The director, Mara Brock AKil, who also directed the hit show Girlfriends, wanted to bring a fashion forward theme to the set and Ruth did just that. Dressing Mary Jane in designers such as Prada to this Michael Kors frock, Carter wanted to tell a story that viewers would enjoy and share socially.
In this comedy-drama, the film follows bicycle mechanic Joseph, which most of us know best as Jody, as he lives his life in the hood of Los Angels. Costume Designer, Ruth Carter kept true to the environment and surroundings of the film by displaying main actor Tyrese in typical mechanic pants and a white beater and ex-con Snoop Dog in plaid button up and chuck tailors.
Love & Basketball filmed the story of two neighbors, who while pursing their basketball careers fell head over heels for each other. Carter was able to still capture the toughness and masculinity of the basketball players by using oversized jerseys while still seizing the sensuality between their relationship by incorporating feminine sports-bras and arm baring tanks.
From dreaming in the suburbs to living in Beverly Hills, Ruth Carter gave the stars, Halle Berry and Martin Landau, a look that said I’m “livin’ large and takin’ charge!” From bright printed booty hugging wardrobes, to platforms out of this world, this designer kept the scenes full of eye popping colors and larger than life ensembles to match the over-the-top Hollywood lifestyle.
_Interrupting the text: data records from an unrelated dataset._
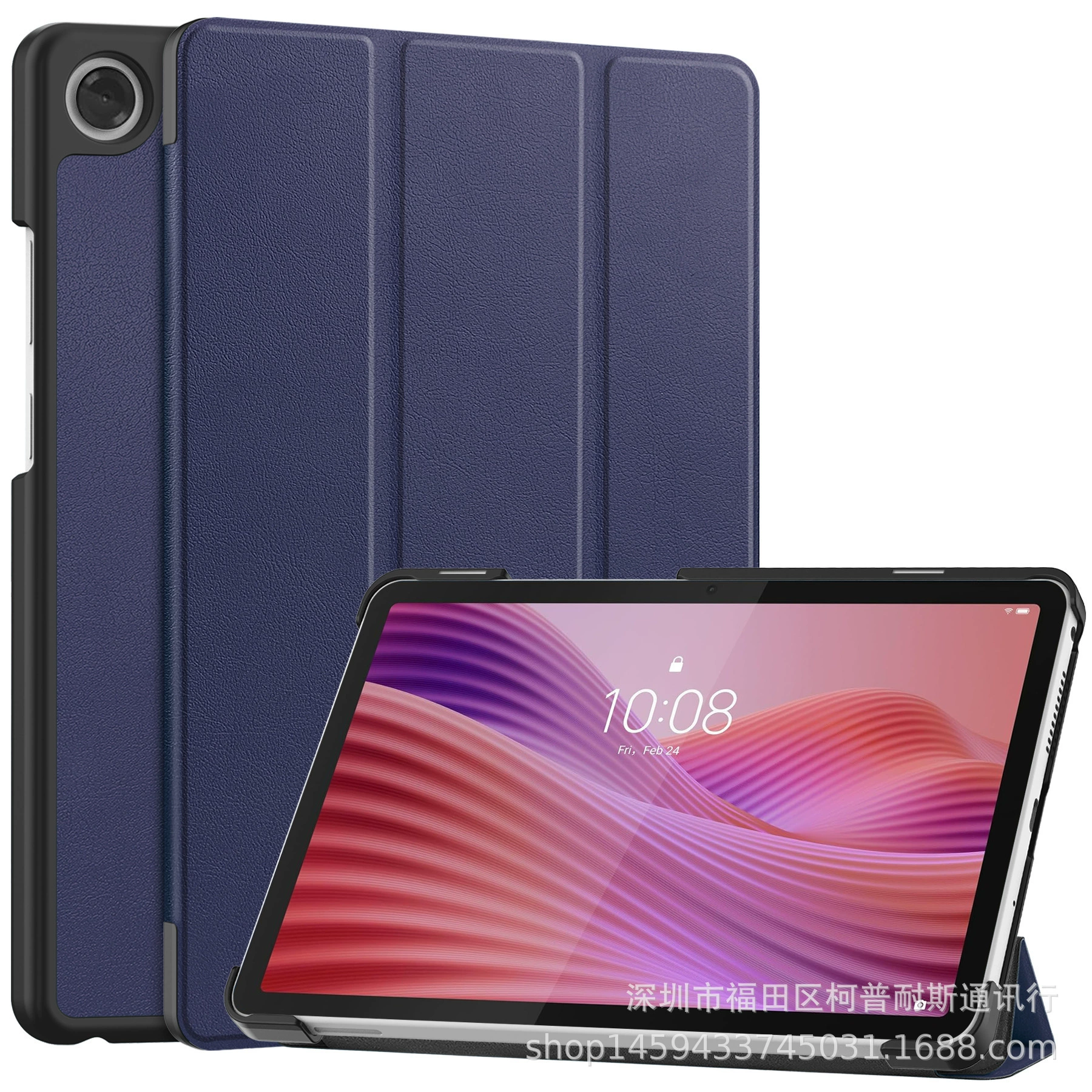 Защитный чехол для планшета Lenovo Tab One 2025, 8.7-дюймовый TB305FU, противоударный чехол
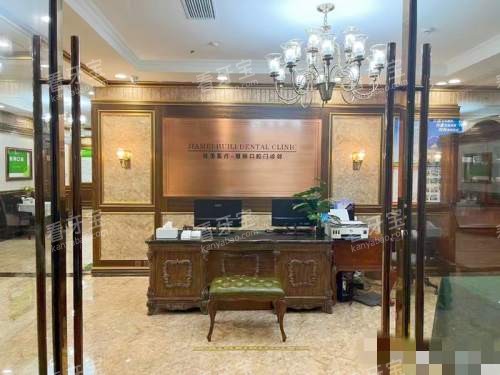 上海中喜慧丽口腔前台 上海中喜慧丽口腔前台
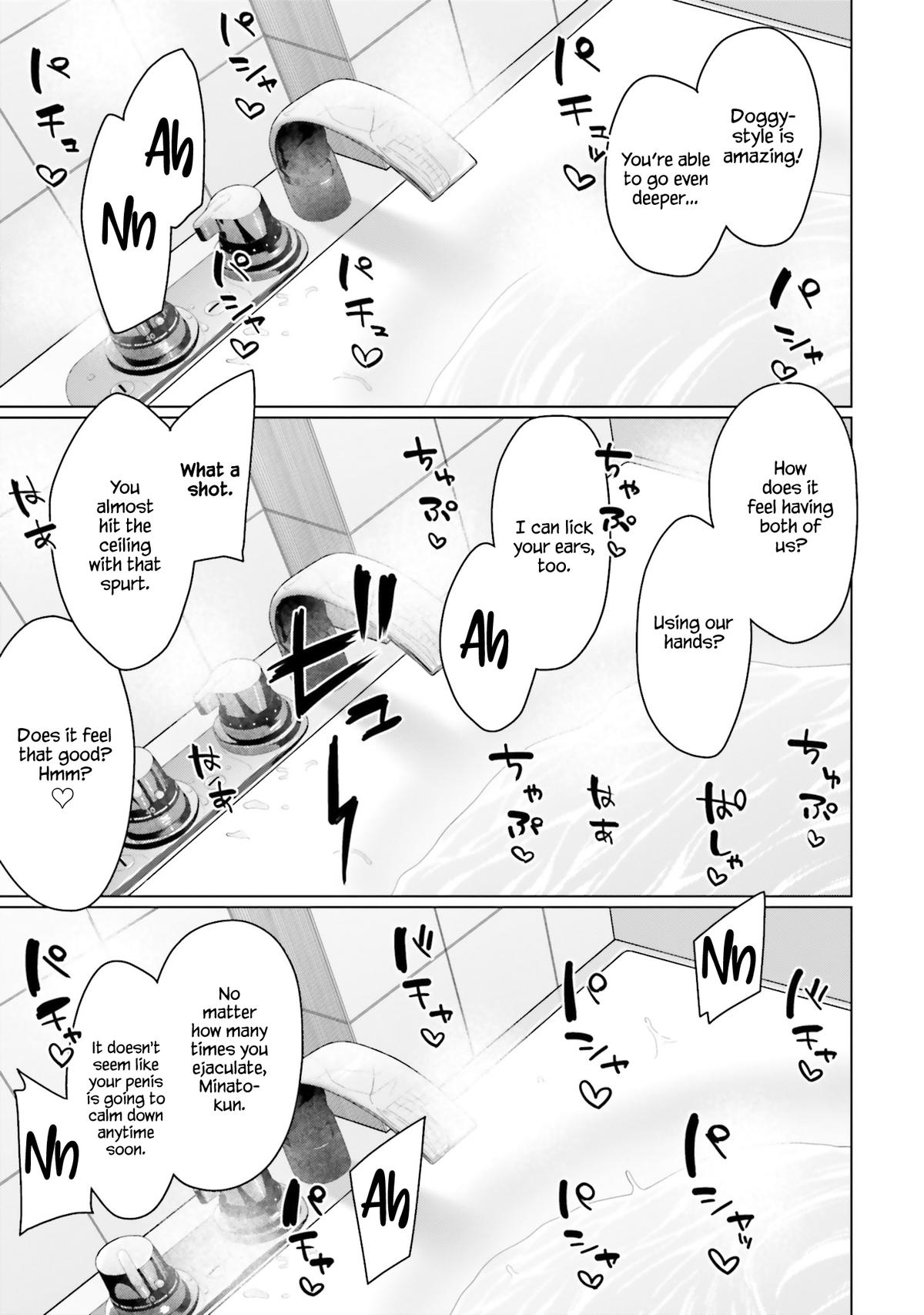 Onna Tomodachi wa Tanomeba Igai to Yarasetekureru Chapter 18 page 20 - 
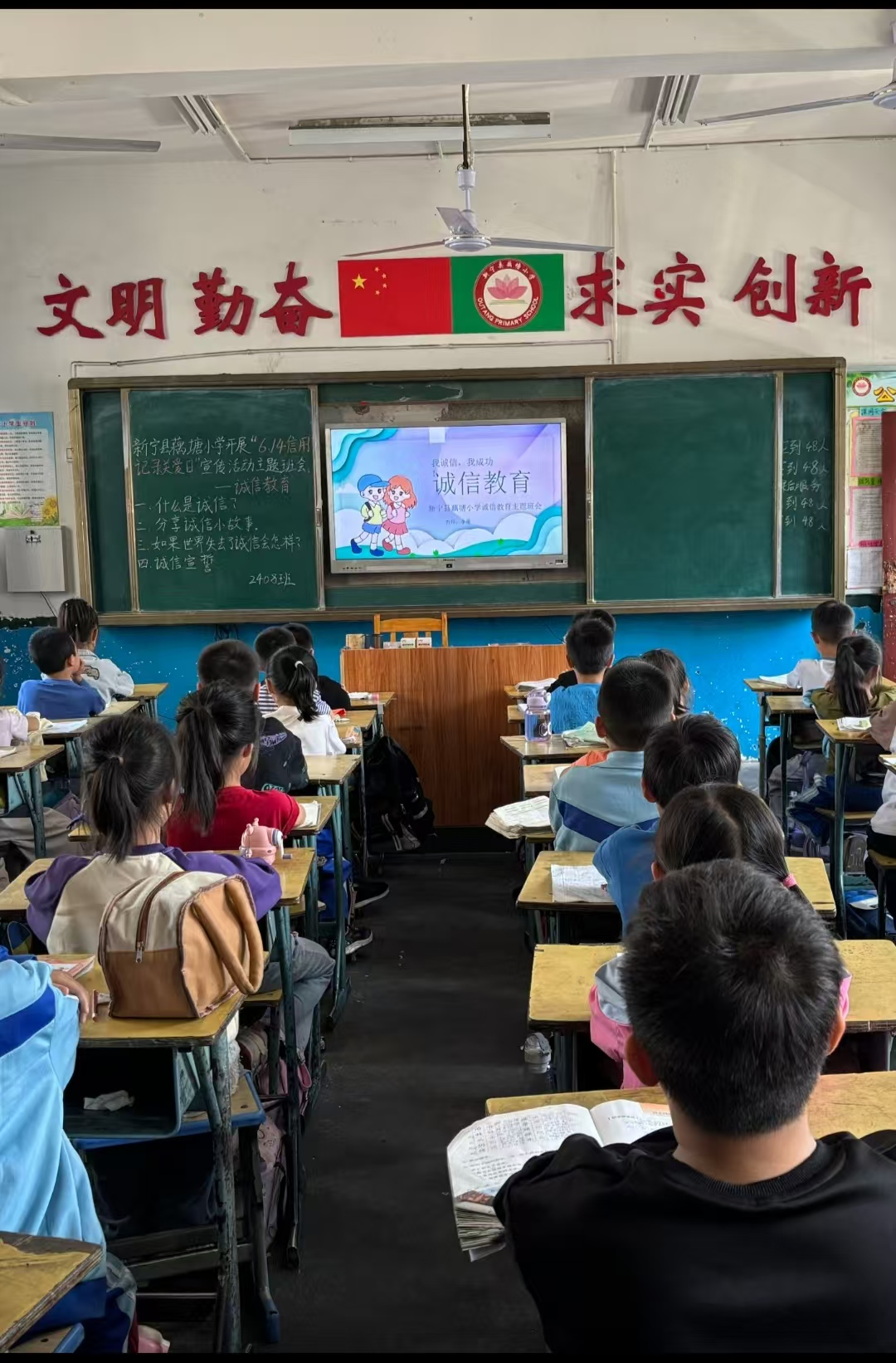 珍爱征信守诚信 信用教育润童心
Crooklyn was filled with colorful characters and children playing a huge role in the film. To match the diverse and colorful personalities, Ruth Carter included an array of vibrant colors. From blues to reds, and from greens to yellows, carter brought an array of rich hues on set.
Loosely based off of Tina Turners life, What’s Love Got To Do With It, was an “amazing experience,” Ruth Carter explains. Creating remakes of original Tina Turner pieces were on point and very put together. Tina Turner’s iconic red dress that she wore in the early 80s, which was dripping in fringe and sparkles, was one of the most memorable remakes on the film.
Still mad about Angela Bassett’s Oscar snub, tbh.
Jungle Fever is a romance film that was produced by Spike Lee. The film takes place in the urban streets of NYC in the 90s. Denim jackets and varsity bombers were huge in this era and this Academy Award nominee made sure to recreate the very essence of that time period.
Mo’ Better Blues followed a period in the life of a fictional Jazz player. After discussing with the producer, Spike Lee, Carter put together ensembles that resembled jazz players in the 50s but with designer style. Ruth Carter pulled designers like Giorgio Armani, Versace & Valentino to match the look and feel that Spike Lee desired.
The comedic parody I’m Gonna Git You Sucka showed some awesome 70s gear. From dramatic bellbottoms, to 70s inspired leather jackets, to plastic platforms, Ruth decked out the characters in larger than life, theatrical attire that was superbly parallel with the script.
In a film about sorority and fraternity members disputing at an HBCU homecoming, it’s understandable why Ruth chose trendy matching outfits. Keeping in the spirit of traditional fraternity and sorority gear, Carter made sure to create memorable attire that could be associated with each group as well as putting a staple letter on each ensemble.